[ASSIGNED TASK]:
Each word in the data below should be copied exactly; the images should not.
________________________________________
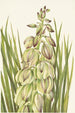 Yucca Yucca baileyi - Mary Vaux Walcott — visning af kunstværket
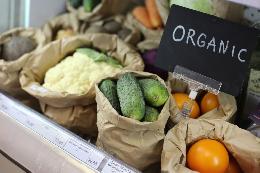 Эксперт перечислила требования, предъявляемые к органическому сельхозпроизводству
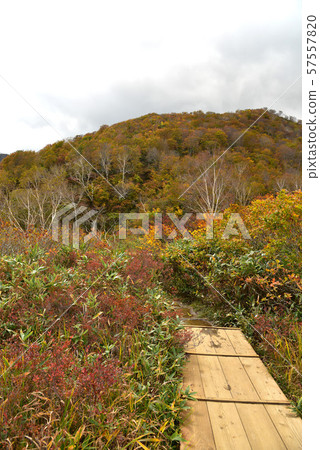 Autumn leaves of Hakuba Goryu 57557820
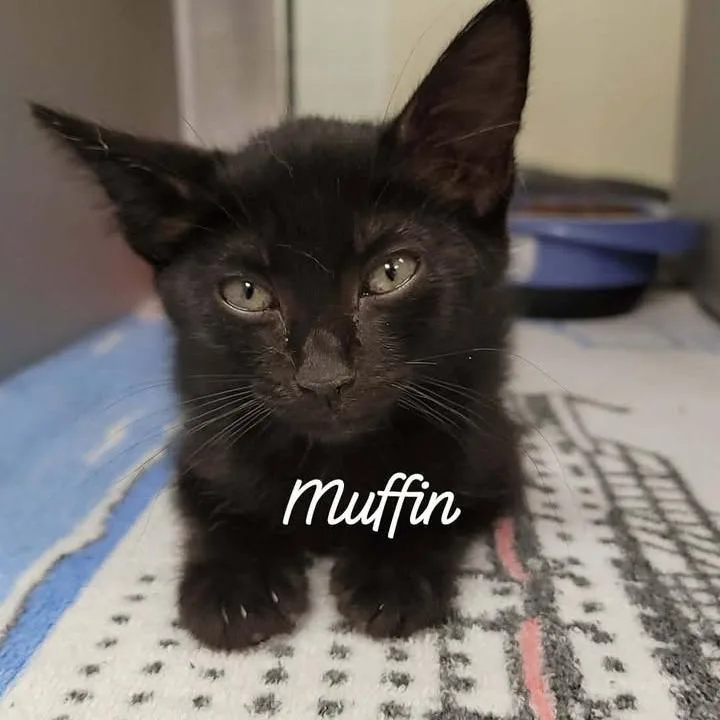 A baby small-sized female Black Domestic Short Hair cat named Muffin for adoption in Buchanan Dam, TX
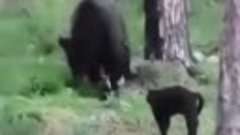 В Якутии суровый домашний кот прогнал медведя
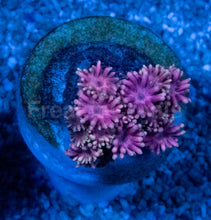 Carregar imagem no visualizador da galeria, Goniopora “Pink &amp; Gold” – Frag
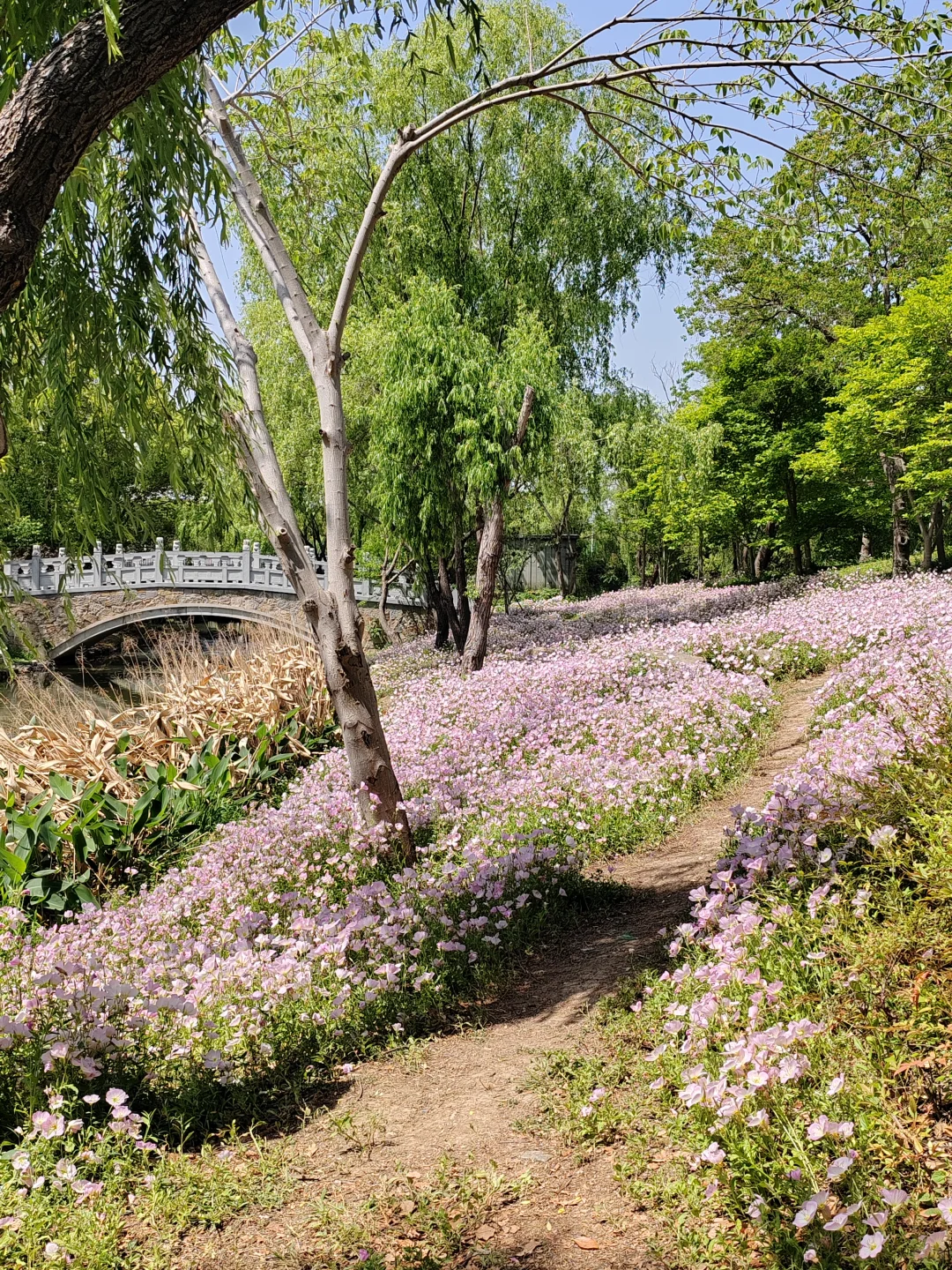 4.25日记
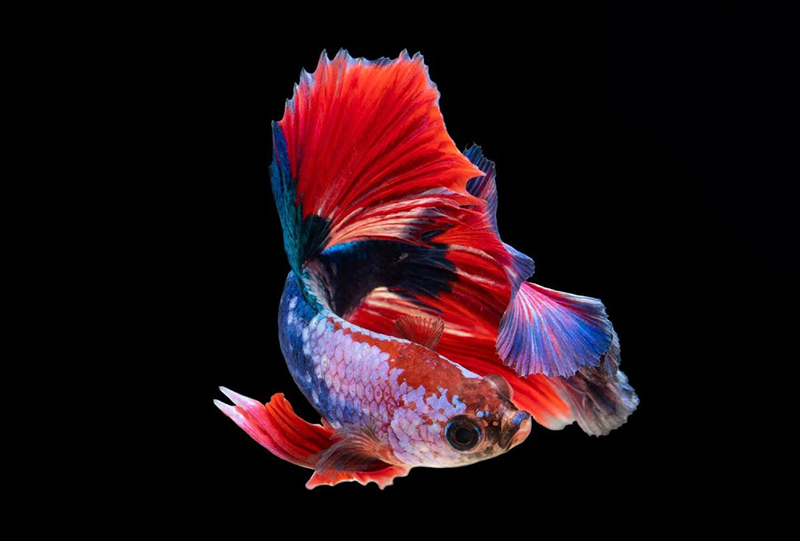 Tìm hiểu nhiều hơn 101 hình nền cá bảy màu tuyệt vời nhất  Tin học Đông Hòa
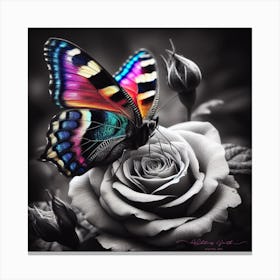 Butterfly On Rose Canvas Print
________________________________________
[YOUR RESPONSE]:
 Yucca Yucca baileyi - Mary Vaux Walcott — visning af kunstværket
 Эксперт перечислила требования, предъявляемые к органическому сельхозпроизводству
 Autumn leaves of Hakuba Goryu 57557820
 A baby small-sized female Black Domestic Short Hair cat named Muffin for adoption in Buchanan Dam, TX
 В Якутии суровый домашний кот прогнал медведя
 Carregar imagem no visualizador da galeria, Goniopora “Pink &amp; Gold” – Frag
 4.25日记
 Tìm hiểu nhiều hơn 101 hình nền cá bảy màu tuyệt vời nhất  Tin học Đông Hòa
 Butterfly On Rose Canvas Print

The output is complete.